Imagem de cálcio dos neurônios corticais usando Fura-02:00
Summary
Sinais de cálcio desempenham um papel fundamental em muitos processos celulares, incluindo a sobrevivência de expressão gênica e diferenciação. Aqui demonstramos como realizar imagens de cálcio usando Fura-2 AM. Imagem de cálcio é uma ferramenta valiosa para estudar a regulação do cálcio intracelular em tempo real e de sua regulamentação de cascatas de sinalização.
Abstract
Imagem de cálcio é uma técnica comum, que é útil para medir sinais de cálcio em células em cultura.

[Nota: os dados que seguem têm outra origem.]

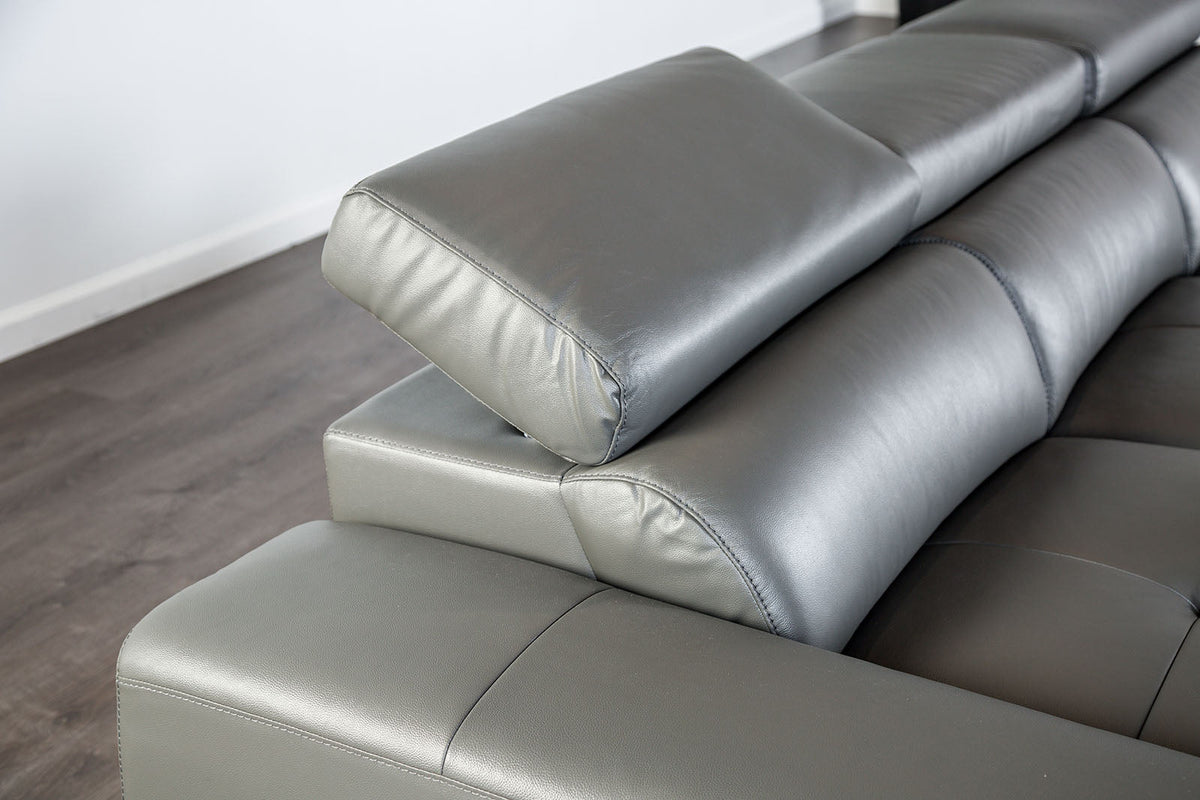Vadso Dark Gray Sectional, Right Chaise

Técnicas de imagem de cálcio tirar proveito de corantes de cálcio indicador, que são baseados em BAPTA moléculas orgânicas que alterar as suas propriedades espectrais, em resposta à ligação de íons Ca2 +. Corantes indicador de cálcio caem em duas categorias, relação de métricas corantes como Fura-2 e Indo-1 e um único comprimento de onda corantes como Fluo-4. Relação de métricas corantes mudar tanto sua excitação ou seus espectros de emissão em resposta ao cálcio, permitindo a concentração de cálcio intracelular para ser determinada a partir da proporção de emissão de fluorescência ou excitação em comprimentos de onda distintos. A principal vantagem do uso de relação de métricas corantes mais sondas único comprimento de onda é que o sinal relação é independente da concentração de corante, a intensidade da iluminação, e comprimento do percurso óptico permitindo que a concentração de cálcio intracelular a ser determinada independentemente de esses artefatos. Um dos indicadores de cálcio mais comum é o Fura-2, que tem um pico de emissão em 505 nm e muda o seu pico de excitação de 340 nm até 380 nm, em resposta ao cálcio vinculativo. Aqui nós descrevemos o uso de Fura-2 para medir a elevação de cálcio intracelular em neurônios e outras células excitáveis.
Protocol
Discussion
Nesta apresentação nós passamos por todas as etapas para a realização de imagens de cálcio usando Fura-2 AM. Usamos neurônios corticais como um modelo, mas imagens de cálcio pode ser usado para medir a concentração de cálcio intracelular em tempo real em uma variedade de células. Ao fazer este procedimento é importante o uso de lamínulas de vidro em vez de plástico, uma vez que o plástico é muitas vezes fluorescentes em comprimentos de onda ultravioleta, o que torna difícil de imagem. Além disso, é importante para o reve…
Materials
| Material Name | Type | Company | Catalogue Number | Comment |
|---|---|---|---|---|
| New Item | Fura-2 AM | Invitrogen | F1221 | Protect from light |
| New Item | DMSO | EM Science | MX1457-6 | Keep in dry place to prevent hydration |
| New Item | Albumin from bovine serum | Sigma | A8022-100G | Store at 4° |
| New Item | Imaging Chamber | Warner Instruments | Model RC-20H | |
| New Item | Microscope | Nikon | Eclipse TE2000-U | |
| New Item | Potassium chloride | SIGMA | P9333-500G | |
| New Item | Calibration Kit | Molecular Probes | F6774 | Protect from light |
References
- Grynkiewicz, . A new generation of Ca2+ indicators with greatly improved fluorescence properties. J. Biol. Chem. 260, 3440-3450 (1985).
- Lewis, . Mitogen-induced oscillations of cytosolic Ca2+ and transmembrane Ca2+ current in human leukemic T cells. Cell Regul. 1, 99-112 (1989).
- Dolmetsch, . Signaling between intracellular Ca2+ stores and depletion-activated Ca2+ channels generates [Ca2+]i oscillations in T lymphocytes. J Gen Physiol. 103, 365-388 (1994).